Die Chancen für den Ausbau der Breitband-Infrastruktur in Deutschland sind aufgrund einer aktuellen Entscheidung der Bundesnetzagentur deutlich gestiegen. Insbesondere für ländliche Regionen ist das eine gute Nachricht.
Bandbreiten von 50 Mbit/s, 100 Mbit/s und mehr, die insbesondere in einigen nordeuropäischen und asiatischen Staaten bereits zum Standard gehören, stehen in Deutschland bisher nur vereinzelt zur Verfügung. Geschuldet ist dieser Rückstand -neben einem massiven Preisverfall in den vergangenen Jahren und einer sich erst langsam entwickelnden Nachfrage - auch der mit der Gestaltung des Vectoring-Regimes entstandenen Planungsunsicherheit für Netzbetreiber, die bereit sind in die Modernisierung der Netze zu investieren. Bereits im Frühjahr haben wir hierzu einen Blogbeitrag veröffentlicht.
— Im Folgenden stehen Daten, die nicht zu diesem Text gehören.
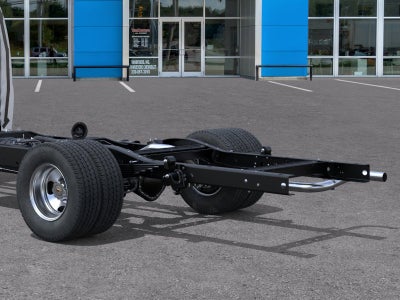 2026 Chevrolet Express Cutaway 4500 2WT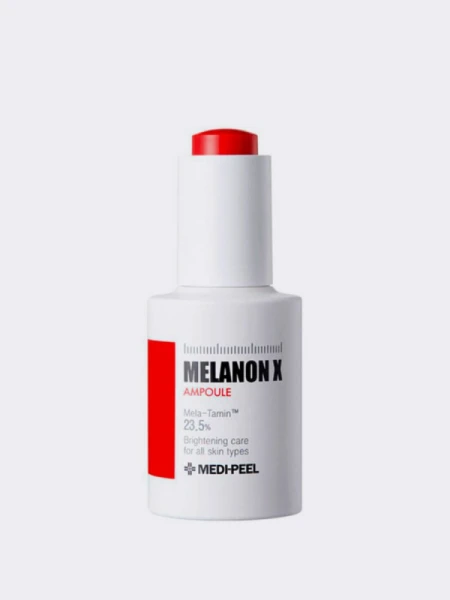 Осветляющая сыворотка против пигментации MEDI-PEEL Melanon X Ampoule Осветляющая сыворотка против пигментации MEDI-PEEL Melanon X Ampoule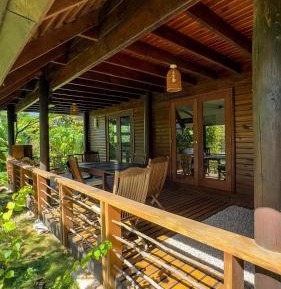 Three-Bedroom Chalet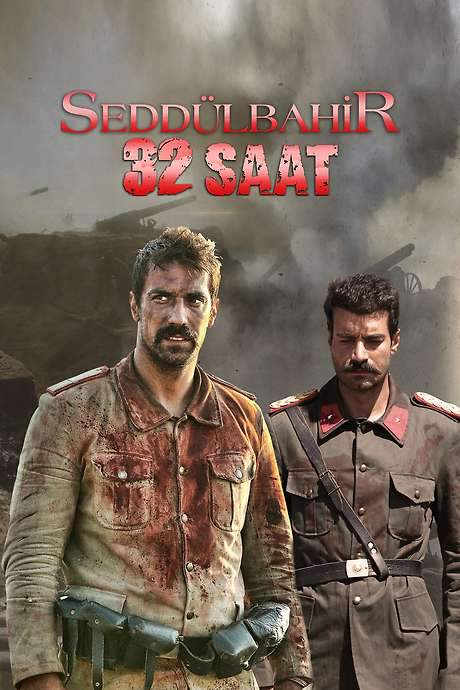 Seddulbahir 32 Saat (2016) movie poster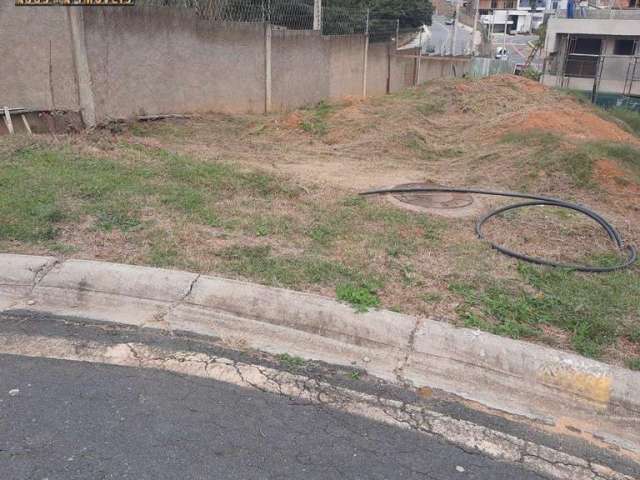 Terreno em condomínio fechado à venda na Estrada José Celeste, 1215, Morros, Sorocaba por R$ 380.000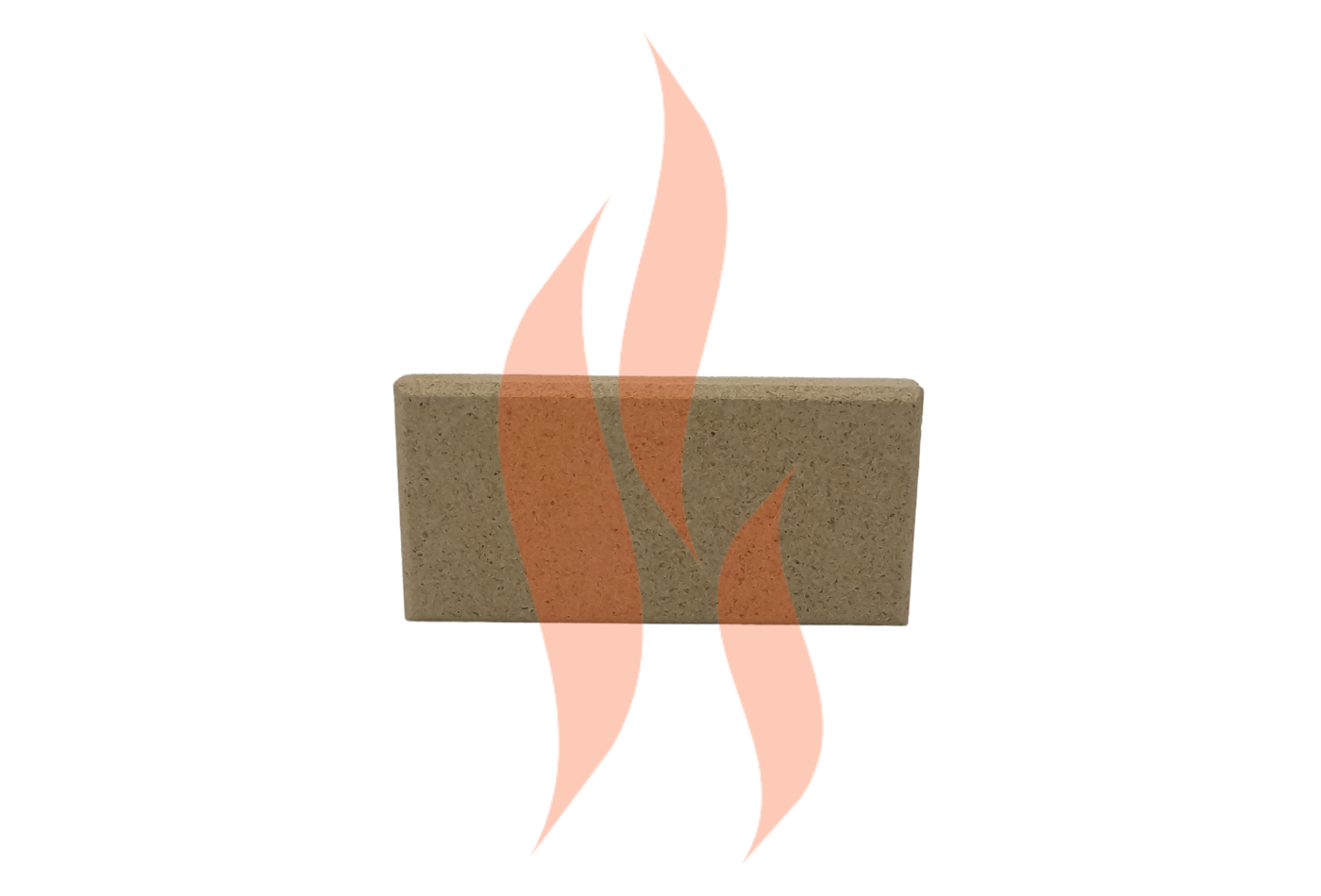 Stovax Stockton 5 MK1 - Side Vermiculite Fire Brick | Replacement Stove  Parts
Durch den Einsatz von Vectoring werden auf Basis der herkömmlichen DSL-Technologie deutlich höhere Bandbreiten ermöglicht. Glasfaser wird dabei bis an die „grauen Kästen“, die so genannten Kabelverzweiger (KVz), ausgebaut. Dort kommt die Vectoring-Technologie zum Einsatz, was hohe Geschwindigkeiten ohne die sehr teure Glasfaserverlegung bis in jedes Haus ermöglicht.
Mit der aktuellen Festlegung der Bundesnetzagentur zum Vectoring-Regime sieht es nun endlich so aus, als ob die deutschen „Datenautobahnen“ ausgebaut werden können. Das eindeutige Signal der Netz-Wächter: Der Ausbau der Vectoring-Technologie ist nicht allein der Telekom vorbehalten. Die BNetzA hat vielmehr Ausbauanreize gesetzt, die weitestgehend über das Prinzip des Windhundrennens realisiert werden können. Für den Branchenverband VATM, dem auch Versatel angehört, ist das ein Ansporn: „Jetzt können die Investoren den Fuß von der Bremse nehmen“. Auch der Präsident des BREKO, Ralf Kleint, sieht die Entscheidung durchaus positiv: „Dies wird dem wettbewerblichen Einsatz dieser innovativen Technologie und dem Breitbandausbau in Deutschland einen wichtigen Impuls geben“.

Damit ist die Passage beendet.